We're hiring!
*

Coccinelle for Rust progress report

Tathagata Roy avatar

Tathagata Roy
June 25, 2025

Share this post:

Reading time:

In collaboration with Inria (the French Institute for Research in Computer Science and Automation), Tathagata Roy shares the progress made over the past year on the CoccinelleForRust project, co-sponsored by Collabora.

Coccinelle is a tool for automatic program matching and transformation that was originally developed for making large-scale changes to the Linux kernel source code (i.e., C code). Matches and transformations are driven by user-specific transformation rules in the form of abstracted patches, referred to as semantic patches. As the Linux kernel—and systems software more generally—is starting to adopt Rust, we are developing Coccinelle for Rust to make the power of Coccinelle available to Rust codebases.

Example usage

This diff illustrates a patch in which the type_of function was being called before confirming that the target item’s trait was implemented. A straightforward CfR-based fix is to find every expression of the form

expression.type_of(impl_id)

and replace it with

expression.type_of(impl_id).subst_identity()

There are roughly fifty occurrences of this pattern in the diff, so updating them all by hand would be quite tedious. The accompanying Semantic Patch to perform this transformation automatically is:

@change_ty_of@
expression exp1, impl_id;
@@

-exp1.type_of(impl_id)
+exp1.type_of(impl_id).subst_identity()

While the above example could be achieved with a complicated and unreadable regex pattern, things can quickly become more complex.

The following patch changes a function signature and all the related calls.

@change_sig@
expression x;
identifier fname, sname;
@@

impl sname {
    ...
    pub(crate) fn fname(&self,
-       guard: &RevocableGuard<'_>
    ) -> Result { ... }
    ...
}

@modify_calls@
expression x, guard;
identifier change_sig.fname;
@@

x.fname(
    ...
-   guard
)

Rule change_sig finds all the occurrences of functions which take a guard of type &RevocableGuard<'_> and removes that parameter. The rule modify_calls updates the calls to that method.

This semantic patch can be used on a whole code-base where once a guard variable is no longer needed, it can be removed. It can also serve as an integration test to check that no such code is present in new pull requests.

Developments (2024–Present)

CTL Engine

  1. Core pattern-matching engine using CTL.
  2. Shared with C version, adapted for Rust’s expression-heavy syntax.
  3. Performance optimized with RefCells and hash tables.

SmPL Parsing

  1. SmPL includes Rust + custom syntax (.., +, -, disjunctions).
  2. Custom parser for SmPL constructs; uses Rust Analyzer for Rust code.

Rules

  1. Define code transformations scoped to an environment.
  2. Support for rule inheritance.
  3. Rule dependencies not yet implemented.

Language Features

Ellipses (...)

  1. Connects code segments within the same control flow.
  2. Uses CTL AU.
  3. Higher complexity due to Rust’s flexible syntax.

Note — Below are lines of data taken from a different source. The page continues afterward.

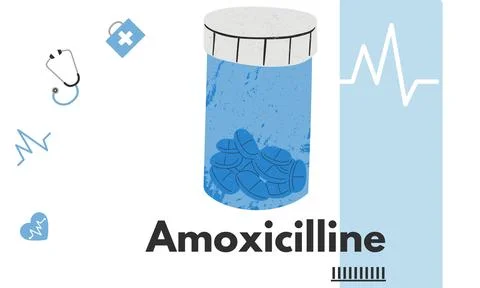 Amoxicillin generic drug name vector illustration Stock Illustration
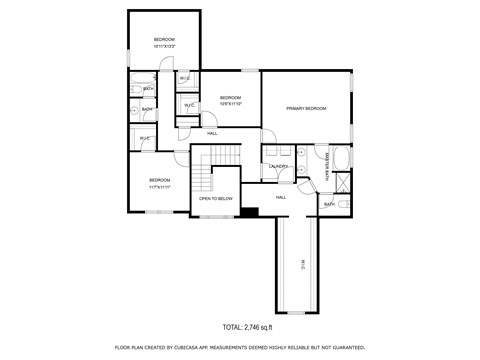 Floor plan for 4 beds, 2.5 baths, 2746 sqft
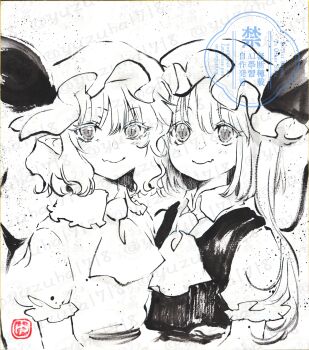 2girls absurdres ascot bat_wings closed_mouth collared_shirt commentary english_commentary flandre_scarlet frilled_shirt_collar frills greyscale hat hat_ribbon highres long_hair mob_cap monochrome multiple_girls one_side_up puffy_short_sleeves puffy_sleeves remilia_scarlet ribbon shikishi shirt short_sleeves siblings sisters smile sumi-e touhou traditional_media upper_body vest watermark wings yuzuha_(yuzutime)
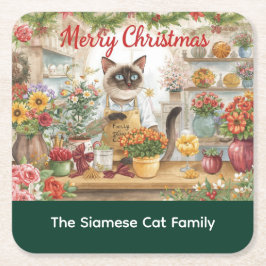 Porta-copo De Papel Quadrado Acordo de flores de Natal de gato por papel floris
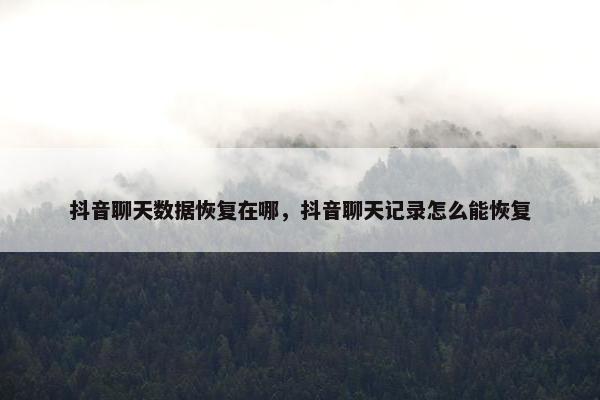 抖音聊天数据恢复在哪，抖音聊天记录怎么能恢复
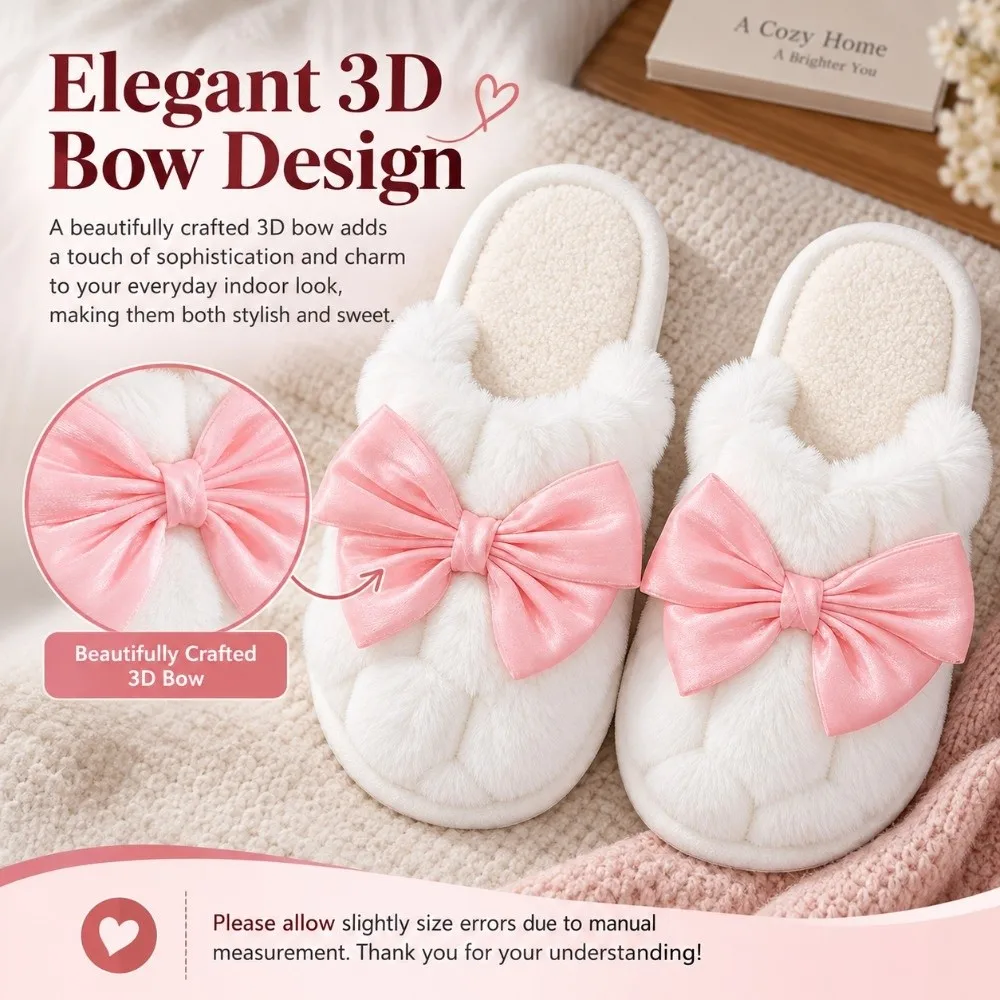 Durable 3D Bow Women's Cotton Slippers Winter Warm Non-Slip Couple Slippers Comfortable Fluffy Texture Home Slippers for Women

Note: ... when not yet supported.

Disjunctions

  1. Alternative code match options.
  2. Can combine with ellipses for complex patterns.

Developments in detail: 2024–Present

CTL Engine

Computational Tree Logic (CTL) is the heart of Coccinelle, which takes semantic patches and generalizes them over Rust files. Prior to using this engine, CfR used an ad-hoc method for matching patterns of code. This engine is the same as the one used for Coccinelle for C, with a few minor changes. Most of the changes were idiomatic but to the same effect. More information on the engine and its language (CTL-VW) can be found in the POPL Paper. With a standard engine, each step of the matching process can be logged, allowing us to learn and reuse the same design patterns from Coccinelle for C, including critical test cases.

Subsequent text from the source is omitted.